= Rat torture =

Torture involving rats

Rat torture is the use of rats to torture a victim by encouraging them to attack and eat the victim alive.

== History ==
The "Rats Dungeon", or "Dungeon of the Rats", was a feature of the Tower of London alleged by Catholic writers from the Elizabethan era. "A cell below high-water mark and totally dark" would draw in rats from the River Thames as the tide flowed in. Prisoners would have their "alarm excited" and in some instances, have "flesh ... torn from the arms and legs".

During the Dutch Revolt, Diederik Sonoy, an ally of William the Silent, is documented to have placed a pottery bowl filled with rats open-side down on the naked body of a prisoner. When hot charcoal was piled on the bowl, the rats would "gnaw into the very bowels of the victim" in an attempt to escape the heat.

Rat torture appears in one of the case studies of Sigmund Freud. The Rat Man obsessed that his father and lady friend would be subjected to this torture.

Several South American military dictatorships used rat torture: in Brazil during the military dictatorship of 1964–1985, in Uruguay during the civic-military dictatorship of 1973–1985, in Chile during the dictatorship of Augusto Pinochet (1973–1990), in Argentina during the so-called National Reorganization Process (1976–1983). The report of CONADEP in Argentina detailed the use of a torture method known as "the recto-scope" which consisted of inserting living rats into a victim's rectum or vagina through a tube. Amnesty International documented the case of a woman tortured by the Chilean CNI (National Information Center, successor to the DINA) in 1981, who described being kept in a room full of live rats during interrogation.

Serial killer Richard Kuklinski alleged in a series of interviews that one of his preferred methods of murder was to tie up a victim and leave them in a cave overnight so they could be eaten alive by rats. He would also leave a Super 8 camera in the cave to film the events. Like many of Kuklinski's other claims, this has been disputed due to insufficient evidence.

On October 16, 2010, in Lakewood, New Jersey, David Wax and Judy Wax kidnapped Yisrael Bryskman and was threatened with rat torture unless he agreed to give his wife a get (Jewish divorce document). David Wax was sentenced to seven years imprisonment for conspiracy to commit kidnapping and Judy Wax was charged with misprision of a felony and was sentenced to two years of probation.

== In fiction ==
Rats are featured in the Edgar Allan Poe story The Pit and the Pendulum. The narrator lies on the rack and can only watch as a scythe swings back and forth, approaching closer each time, as rats swarm over his body. The narrator later manages to make the rats eat through the straps.

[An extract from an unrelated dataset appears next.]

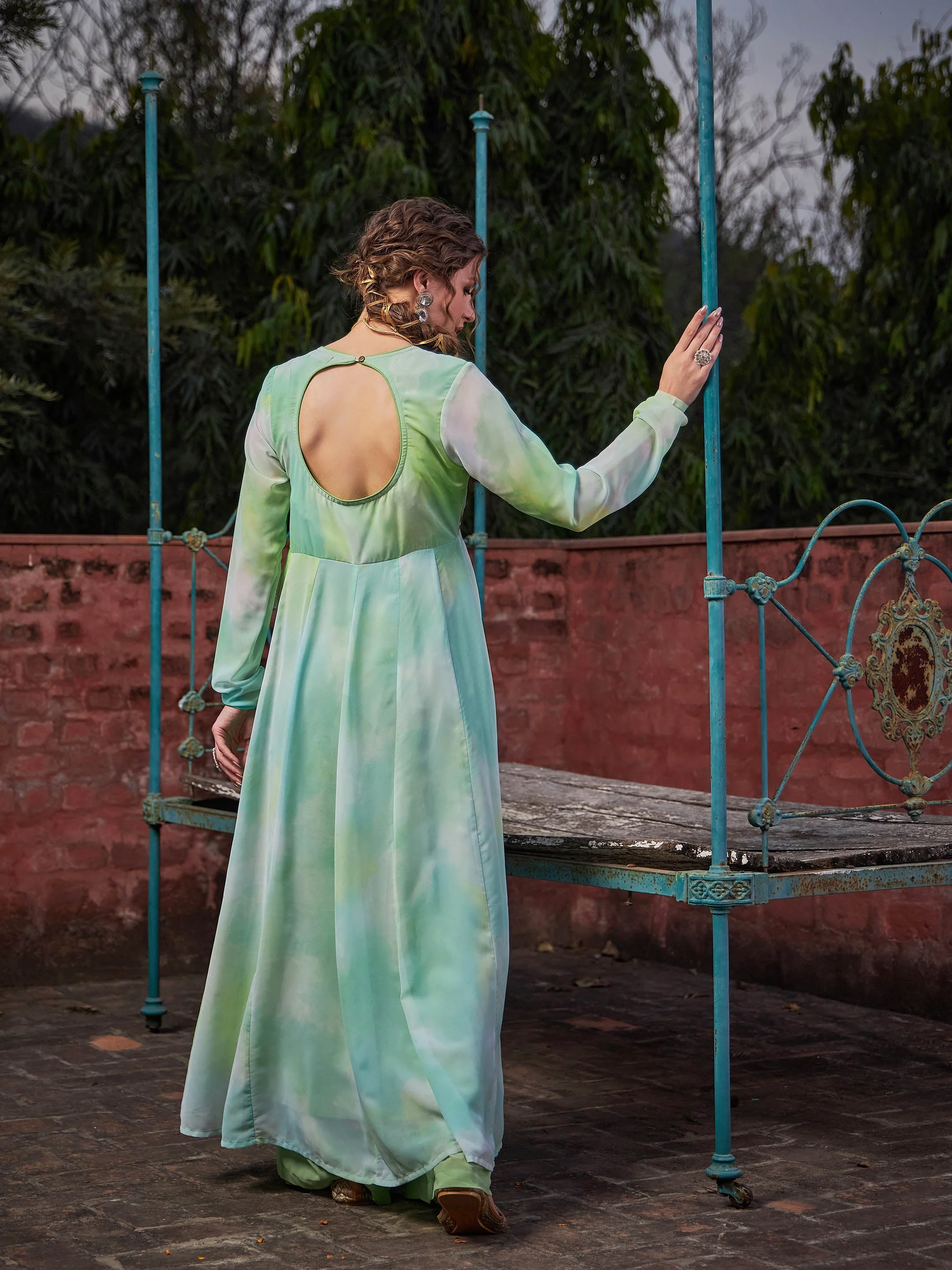 Women Lime Green Tie & Dye V Neck Anarkali Kurta - Image 5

An account similar to the Sonoy torture appears in the 1899 Octave Mirbeau novel The Torture Garden, and psychologist Leonard Shengold has identified this as the possible source of the story that the Rat Man told Freud. Part of the book, an imaginary dialog between a torturer and a beautiful woman who is sexually excited by the accounts, is set in China.

The threat of rat torture occurs in Nineteen Eighty-Four. The central character, Winston Smith, is arrested by the Ministry of Love, and undergoes a process of mental reprogramming. The ministry imprisons him in Room 101 to finalize the reprogramming. Here, Winston must face his greatest fear: rats. A cage filled with hungry rats is placed over his head, their only source of food or escape being by eating their way through Winston's face. At this point, Winston breaks and begs for the method to be used on his lover Julia, a sign that he has finally broken.

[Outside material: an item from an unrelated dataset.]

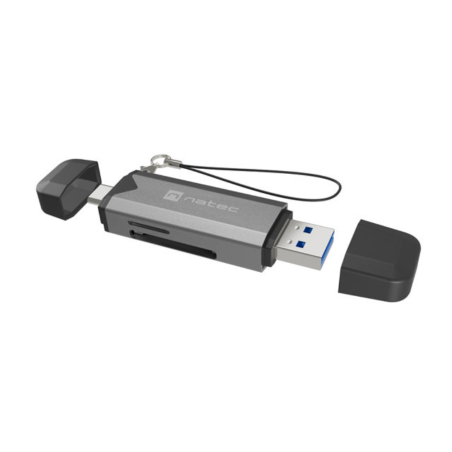 LECTOR DE TARJETAS NATEC SCARAB 3 USB 3.1 GEN 1 USB-A + USB-C SD/MICRO SD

In Bret Easton Ellis's novel American Psycho, Patrick Bateman inserts a starving rat into a kidnapped woman's vagina through a pipe.

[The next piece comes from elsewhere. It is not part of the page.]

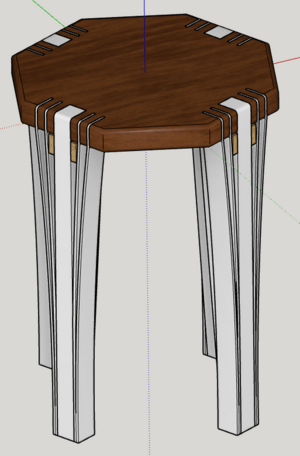 Tabouret en frêne et bois rouge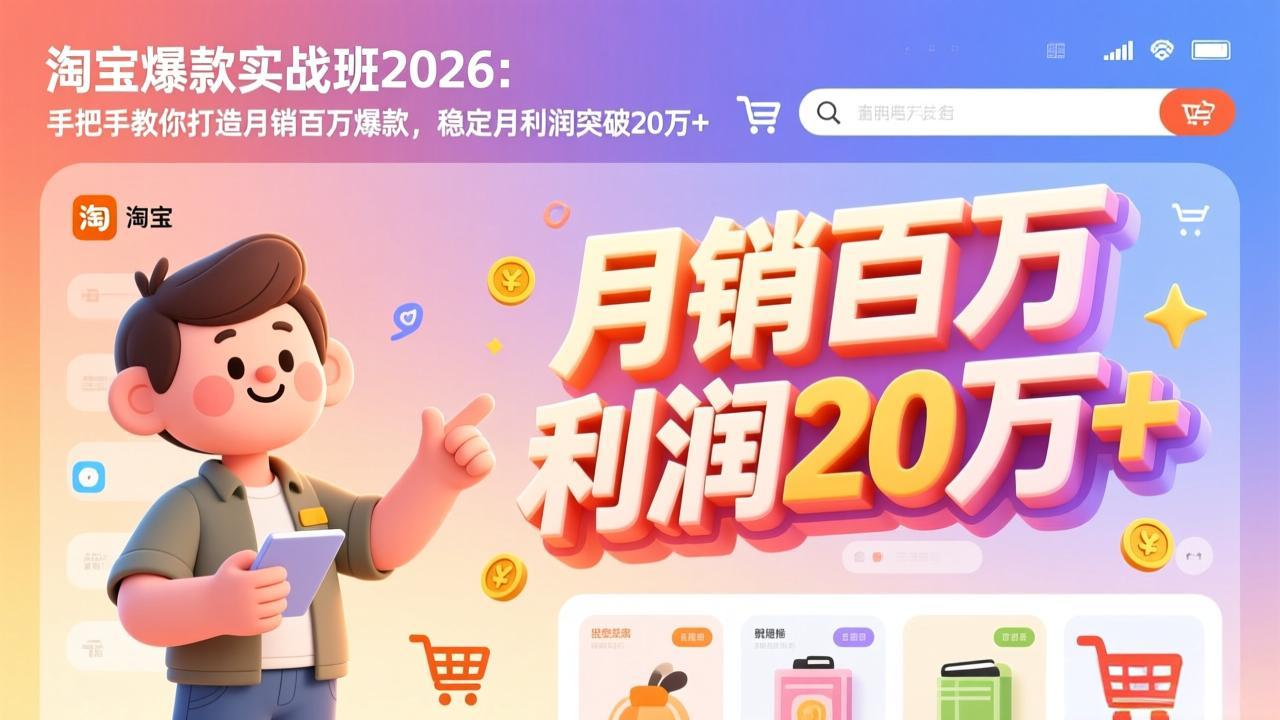 淘宝爆款实战班-2026年2月更新：手把手教你打造月销百万爆款，稳定月利润突破20万+-云阁资源网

In the 2003 film 2 Fast 2 Furious, a sequel to The Fast and The Furious, the main antagonist Carter Verone (Cole Hauser) uses rat torture to force a detective to allow his men to conduct their criminal enterprises unimpeded. He places a rat on the detective's stomach and encapsulates it inside a metal bucket. He then begins to heat the bucket using a blow torch to cause the rat stress, prompting it to try to escape. With no alternative, the rat starts to scratch the detective's stomach as it tries to burrow to escape the increasing heat inside the bucket. Once the detective agrees to Verone's demands, the bucket is removed, revealing an array of deep, bloody scratch marks.

Season 2 of the HBO dark fantasy series Game of Thrones from 2012 also uses rat torture by the Tickler on prisoners of Gregor Clegane in Harrenhal.

In the horror film Sinister 2, a snuff film titled "Sunday Service" depicts a family nailed to the floor of a church as rats are placed upon their bellies. Cups are tied on top to keep the rats in place. Hot coals are placed on the cups, encouraging the rats to burrow through the victims' chests to escape the heat.

In the film The Batman, the Riddler livestreams himself killing crooked Commissioner Pete Savage by strapping a device to Savage's head that forced rats from a maze to burrow their way into his face.

In the 2024 film Terrifier 3, there is a prolonged scene involving rats being forced down Jess's throat to eat her insides.